Dietro le stazioni ferroviarie delle Grandi Città non si è mai riusciti ad attivare un circolo virtuoso di qualità di vita ma le città non sono più quelle di un tempo ed oggi anche un muro scrostato o due tavolini con sopra tre birre fuori frigo fanno arte, tendenza, incontro e divertimento.

Ho viaggiato pochissimo nel mondo ma l'idea che mi sono fatto leggendo reportage da paesi lontani o dalle megalopoli, è che questo stile londinese di immaginare il futuro dormendo poche ore per notte divertendosi nei locali low cost alla moda è un'attività residuale di altre piu importanti attività produttive, finanziarie industriali ed intellettuali.
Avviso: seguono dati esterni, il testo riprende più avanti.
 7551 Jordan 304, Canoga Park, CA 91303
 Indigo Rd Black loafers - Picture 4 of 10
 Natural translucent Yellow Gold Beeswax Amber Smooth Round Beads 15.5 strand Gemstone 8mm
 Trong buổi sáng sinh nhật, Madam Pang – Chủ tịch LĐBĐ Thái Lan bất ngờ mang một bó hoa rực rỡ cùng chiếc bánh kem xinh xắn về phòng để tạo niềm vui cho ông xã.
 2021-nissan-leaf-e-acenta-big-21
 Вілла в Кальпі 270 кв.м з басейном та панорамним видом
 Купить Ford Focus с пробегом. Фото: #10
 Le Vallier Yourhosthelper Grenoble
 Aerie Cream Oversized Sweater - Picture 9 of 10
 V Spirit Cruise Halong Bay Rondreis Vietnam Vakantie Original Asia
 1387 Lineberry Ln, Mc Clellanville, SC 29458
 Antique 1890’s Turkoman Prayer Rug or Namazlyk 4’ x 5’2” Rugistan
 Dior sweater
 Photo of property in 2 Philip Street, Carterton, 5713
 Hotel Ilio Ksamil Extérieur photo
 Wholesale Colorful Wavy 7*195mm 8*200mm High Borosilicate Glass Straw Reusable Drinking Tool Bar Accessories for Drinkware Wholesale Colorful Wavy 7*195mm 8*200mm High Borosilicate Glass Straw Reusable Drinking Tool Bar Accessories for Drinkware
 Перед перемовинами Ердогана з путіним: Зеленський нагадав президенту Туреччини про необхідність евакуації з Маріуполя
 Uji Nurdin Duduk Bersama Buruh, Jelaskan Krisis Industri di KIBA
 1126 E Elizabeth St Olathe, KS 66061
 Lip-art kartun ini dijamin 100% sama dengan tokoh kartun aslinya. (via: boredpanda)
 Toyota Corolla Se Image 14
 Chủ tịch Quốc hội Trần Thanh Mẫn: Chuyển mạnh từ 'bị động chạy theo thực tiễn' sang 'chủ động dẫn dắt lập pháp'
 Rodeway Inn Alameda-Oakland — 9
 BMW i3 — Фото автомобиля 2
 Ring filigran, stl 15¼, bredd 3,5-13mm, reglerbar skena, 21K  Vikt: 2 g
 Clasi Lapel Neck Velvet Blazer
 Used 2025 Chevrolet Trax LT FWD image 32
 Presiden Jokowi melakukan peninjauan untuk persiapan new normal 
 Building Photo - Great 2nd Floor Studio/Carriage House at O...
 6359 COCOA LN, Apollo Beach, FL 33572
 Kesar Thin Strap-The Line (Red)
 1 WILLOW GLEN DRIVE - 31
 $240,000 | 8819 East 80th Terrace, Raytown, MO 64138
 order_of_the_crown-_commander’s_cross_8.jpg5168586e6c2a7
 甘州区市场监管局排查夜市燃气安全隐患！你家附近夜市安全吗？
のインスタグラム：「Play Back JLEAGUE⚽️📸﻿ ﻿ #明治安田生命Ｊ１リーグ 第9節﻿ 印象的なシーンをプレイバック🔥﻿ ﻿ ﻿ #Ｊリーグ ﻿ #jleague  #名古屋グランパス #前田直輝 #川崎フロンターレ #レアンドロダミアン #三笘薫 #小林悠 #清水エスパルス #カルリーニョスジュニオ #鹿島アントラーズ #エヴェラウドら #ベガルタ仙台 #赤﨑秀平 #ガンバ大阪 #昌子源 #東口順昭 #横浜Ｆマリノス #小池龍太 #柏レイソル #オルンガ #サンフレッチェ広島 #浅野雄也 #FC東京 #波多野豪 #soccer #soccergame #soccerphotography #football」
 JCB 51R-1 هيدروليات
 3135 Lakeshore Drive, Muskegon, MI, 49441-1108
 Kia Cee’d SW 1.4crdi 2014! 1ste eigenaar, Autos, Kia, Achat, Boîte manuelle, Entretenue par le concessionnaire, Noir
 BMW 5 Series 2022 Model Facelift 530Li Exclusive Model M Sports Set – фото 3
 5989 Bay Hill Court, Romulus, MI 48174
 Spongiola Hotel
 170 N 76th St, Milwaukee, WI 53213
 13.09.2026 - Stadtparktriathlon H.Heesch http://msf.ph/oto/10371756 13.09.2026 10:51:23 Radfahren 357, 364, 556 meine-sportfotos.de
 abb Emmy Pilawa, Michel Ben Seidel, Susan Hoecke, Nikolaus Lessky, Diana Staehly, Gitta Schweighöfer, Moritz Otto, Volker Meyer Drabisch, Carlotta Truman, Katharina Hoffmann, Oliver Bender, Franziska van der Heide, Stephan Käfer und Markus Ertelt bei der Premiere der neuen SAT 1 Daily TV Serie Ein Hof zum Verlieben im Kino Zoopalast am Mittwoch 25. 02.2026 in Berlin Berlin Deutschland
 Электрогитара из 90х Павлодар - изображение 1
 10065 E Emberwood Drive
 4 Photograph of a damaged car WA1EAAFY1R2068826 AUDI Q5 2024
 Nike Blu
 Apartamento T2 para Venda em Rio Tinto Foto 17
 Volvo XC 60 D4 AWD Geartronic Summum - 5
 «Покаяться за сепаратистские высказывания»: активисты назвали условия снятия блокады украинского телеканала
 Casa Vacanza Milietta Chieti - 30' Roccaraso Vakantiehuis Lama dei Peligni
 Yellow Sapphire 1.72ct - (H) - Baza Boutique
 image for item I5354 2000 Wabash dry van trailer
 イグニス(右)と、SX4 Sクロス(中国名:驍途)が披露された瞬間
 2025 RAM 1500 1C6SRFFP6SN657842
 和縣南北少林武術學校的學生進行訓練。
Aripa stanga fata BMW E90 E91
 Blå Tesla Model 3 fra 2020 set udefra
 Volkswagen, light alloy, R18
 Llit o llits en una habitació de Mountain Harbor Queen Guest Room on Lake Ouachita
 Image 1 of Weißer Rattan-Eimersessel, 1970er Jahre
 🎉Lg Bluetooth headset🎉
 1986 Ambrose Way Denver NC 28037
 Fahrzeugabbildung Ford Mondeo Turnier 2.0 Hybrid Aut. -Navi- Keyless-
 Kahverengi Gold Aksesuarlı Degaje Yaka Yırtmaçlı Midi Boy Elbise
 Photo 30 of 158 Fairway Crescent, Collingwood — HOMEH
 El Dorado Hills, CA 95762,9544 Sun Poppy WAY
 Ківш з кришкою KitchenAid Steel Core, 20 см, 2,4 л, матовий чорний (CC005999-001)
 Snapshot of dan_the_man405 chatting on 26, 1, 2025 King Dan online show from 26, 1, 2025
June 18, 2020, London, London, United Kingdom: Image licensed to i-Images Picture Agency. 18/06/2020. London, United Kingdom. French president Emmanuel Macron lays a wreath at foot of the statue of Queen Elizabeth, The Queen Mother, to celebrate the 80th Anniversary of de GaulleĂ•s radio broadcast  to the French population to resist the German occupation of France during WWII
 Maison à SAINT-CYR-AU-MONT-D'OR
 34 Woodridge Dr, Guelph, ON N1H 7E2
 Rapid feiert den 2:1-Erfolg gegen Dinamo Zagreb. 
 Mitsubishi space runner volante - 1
A Torino invece si pensa solo più a installare orti sui tetti di ex fabbricati, ascoltare musica afro, mangiare etnico..., ma di lavorare non se ne parla mai. Va bene che il lavoro non c'è più ma a parte chi gestisce queste attività commerciali dandosi anche da fare con sacrificio, mi domando come le migliaia di clienti che affollano questi locali e vanno a dormire alle 6 del mattino (quindi non lavorano) possano permettersi queste stravaganze mentali che li fanno sentire tanto all'avanguardia.

Mentre le menti chiuse e deformate aspettano l'accordo sull'articolo 18, appese al paracadute sempre aperto della cassa integrazione che garantisce ancora una birra e due tacos, Torino affonda tra gli applausi e le maracas di Belo Horizonte.